I'm new to Apache Spark. I have a query regarding RDDs and transformations. I have a PairRDD with data loaded already. And now what I need, is: through a transformation (maptoPair), so that I can get another pairRDD, the tuple that meets a certain condition and also add additional information to the tuple (that's why a map and not a filter) . This condition is based on for each tuple (K, V) obtaining from another different rdd (also key-value), all tuples containing K, and all tuples containing V, and then obtaining the intersection. The code that I have raised so far is the following.

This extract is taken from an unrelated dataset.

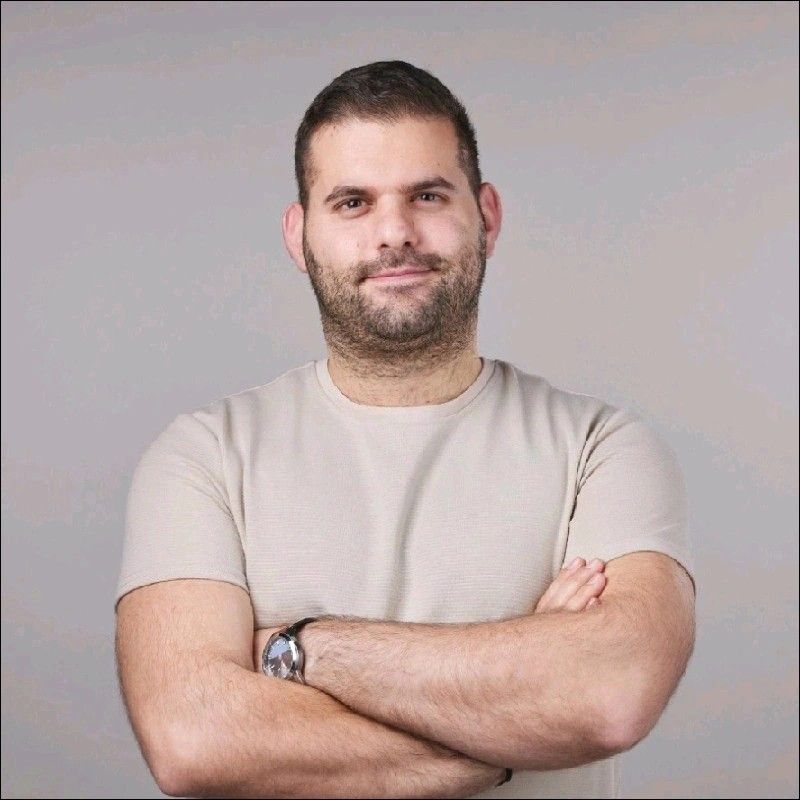 Amit Sher profile picture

JavaPairRDD<Long,Long> originalRDD = .... //se carga de un dataset
JavaPairRDD<Long,Long> otro = ......; //de aca saco las tuplas
JavaPairRDD<Tuple2<Long, Long>, Long> result = otro
.mapToPair(tupla-> {
JavaRDD<Long> aux1;
JavaRDD<Long> aux2;
aux1 = originalRDD.filter(T -> T._1.equals(tupla._1)).values().flatMap(f -> f);
aux2 = originalRDD.filter(T -> T._2.equals(tupla._2)).values().flatMap(f -> f);
JavaPairRDD<Long,Long> auxfinal = aux1.intersect(aux2);
//aca vendria el codigo que resta que agrega la infoadicional a la tupla (no es relevante al caso este codigo)

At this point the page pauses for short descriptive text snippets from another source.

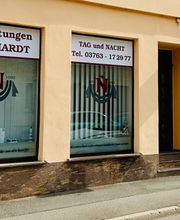 Bestattungsinstitut Neidhardt Bild 2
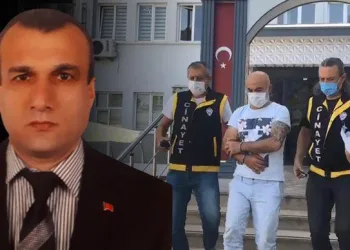 Arkadaşını öldürdü, cebinden 100 kişilik ölüm listesi çıktı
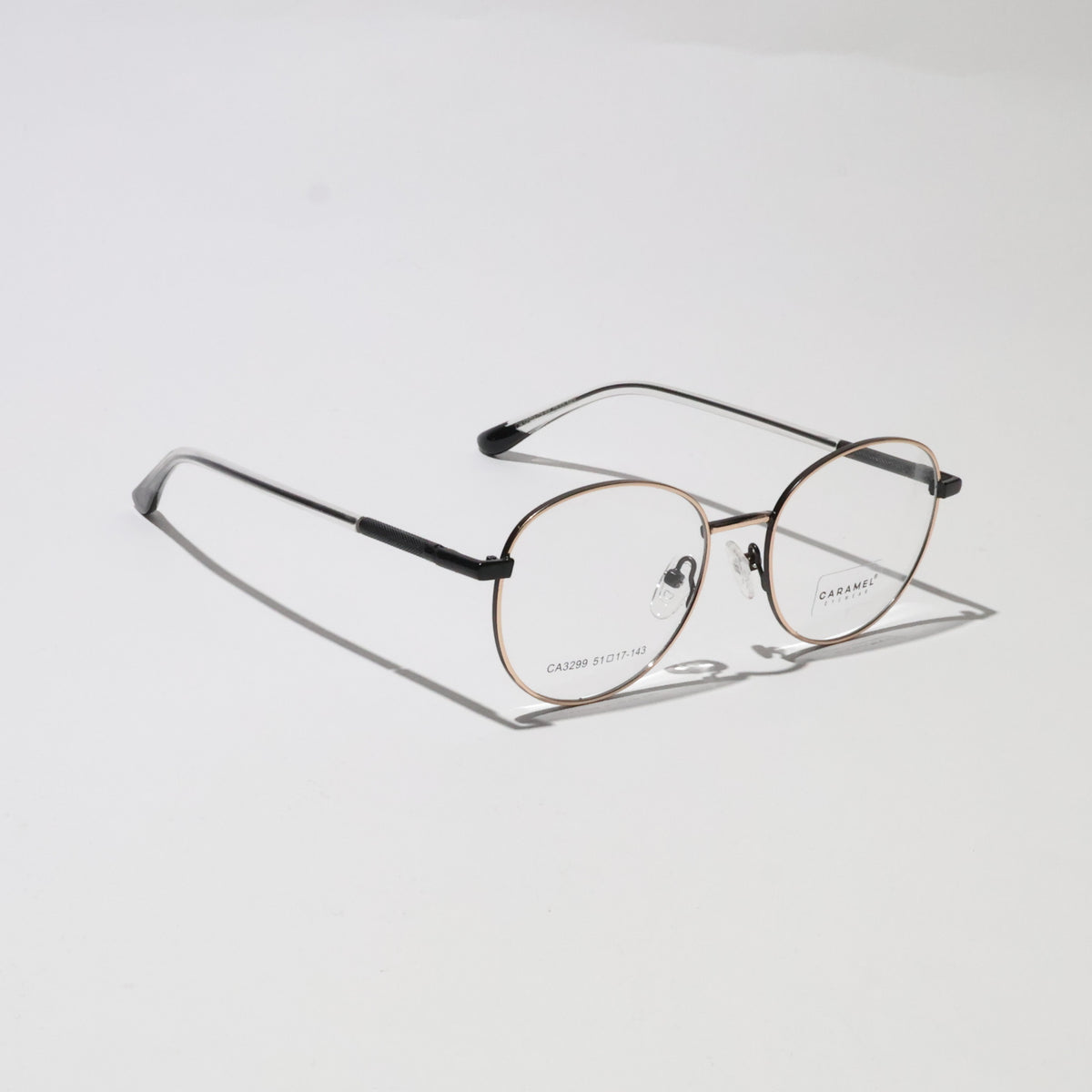 OPTIC PRINCESS AIR optik ko'zoynak — burchak ko'rinish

//devolver la info al RESULT
});
If I program it in this way, the executors that take this lambda function inform the Driver that new Tasks must be created referring to the intersects and the filters ?? or the same executor would be responsible for doing EVERYTHING? (losing total degree of parallelism at Job level) Since in no bibliography I have found a case like this to know what happens when nesting transformations (nesting). Thank you very much in advance!